Sarinas "Alterslaunen" nehmen Dimensionen an, die extrem schwierig geworden sind. Ich kann sie nirgendwo mehr mitnehmen (Coiffeur, Einkaufen, zu einem Kaffee in einem Restaurant, kurze Sitzungen in der Schule, etc.), weil es ihr nicht "passt" und sie dann laut jammert und beginnt, Dinge zu zerstören. Wenn ich sie mal 60 Minuten allein zu Hause lasse, sieht die Wohnung aus, als hätte eine Bombe eingeschlagen.
Bei den kurzen geistigen Trainingseinheiten (sie freut sich immer sehr darauf), wird sie nach fünf Minuten aggressiv, ebenfalls beim Spielen. Sie verliert schnell die Kontrolle und beisst heftig zu. Kuscheln mag sie auch nicht mehr so sehr (ja, das tut mir eigentlich weh...).
Ich bin in ständigem Austausch mit dem TA. Er sagt immer, er sehe keinen Anlass, Sarina zu erlösen, da sie gesund sei. Aber falls die Situation für mich zu viel wird, dann soll ich mich melden und er wird sie erlösen.
Hallo? Nein, nur weil meine liebe Kleine sehr alt und anstrengend geworden ist, treffe ich doch nicht von mir aus eine solche Entscheidung. Ich hätte wohl mein Leben lang Schuldgefühle.
Vor zwei Wochen habe ich auch wieder meine Dame von der Tierkommunikation um Hilfe gebeten. Sie sagt, sie komme im Moment nicht an Sarina ran... Sie blockt ab.
WENN ICH WÜSSTE, DASS SARINA NOCH GLÜCKLICH IST UND FREUDE AM LEBEN HAT, NOCH HIER SEIN WILL, DANN WÜRDE ICH WIE EINE LÖWIN KÄMPFEN UND MICH ZUSAMMENREISSEN UND ALLE IHRE WÜNSCHE UND BEDRÜFNISSE TAPFER DURCHZIEHEN: ABER... ICH SPÜRE SARINA NICHT MEHR...
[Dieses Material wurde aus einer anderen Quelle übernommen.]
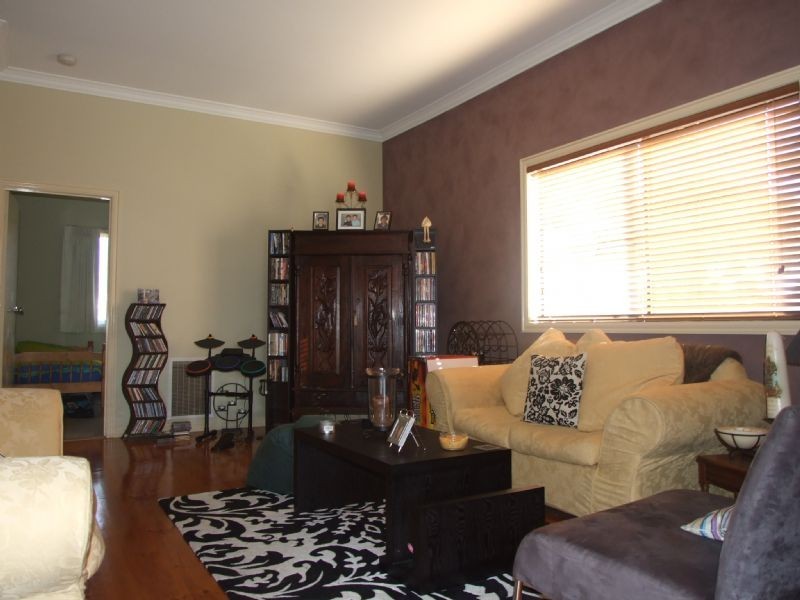 10 High Street, Moe VIC 3825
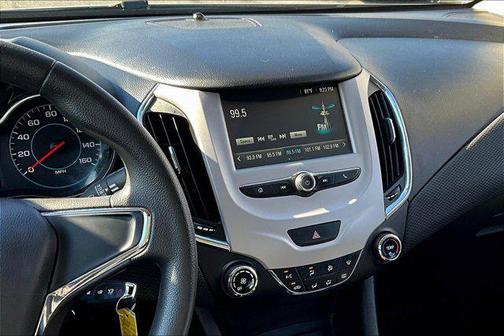 2016 Chevrolet Cruze LS Auto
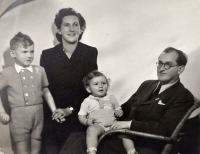 Rosendorfovi před zatčením otce, zleva Petr, Ludmila, Zbyněk, Antonín, 1947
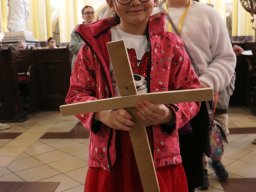 Dzieci ze swoimi ręcznie robionymi krzyżami, 18.04.2025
Traurig, aber wahr: Ich spüre meinen Hund nicht mehr. Ich denke, es ist die Demenz, die eine "Wand" zwischen uns aufbaut. Ich habe so viel Hundeerfahrung, war nie ohne Hund. Aber mit Demenz hatte ich noch nie zu tun. Ausser bei meiner Mutter, die vor 10 Jahren verstorben ist. Sie stand mehrmals vor mir und hat gesagt: "Liebe Krankenschwester, wissen Sie, wo meine Tochter ist? Sie hat mich seit Wochen nicht mehr besucht. Können Sie sie bitte kontaktieren?" Man, sie hat mir in die Augen gesehen und das gesagt, dabei war ich dreimal täglich bei ihr im Pflegeheim, habe mit ihr gegessen, war mit ihr spazieren...
Liebe Community, bitte beschimpft mich nicht. Dies ist ein Trauerportal. Ihr trauert alle um eure geliebten Fellnasen.
Bitte sprecht mir Mut zu, damit ich durchhalte und die richtigen Entscheidungen treffe.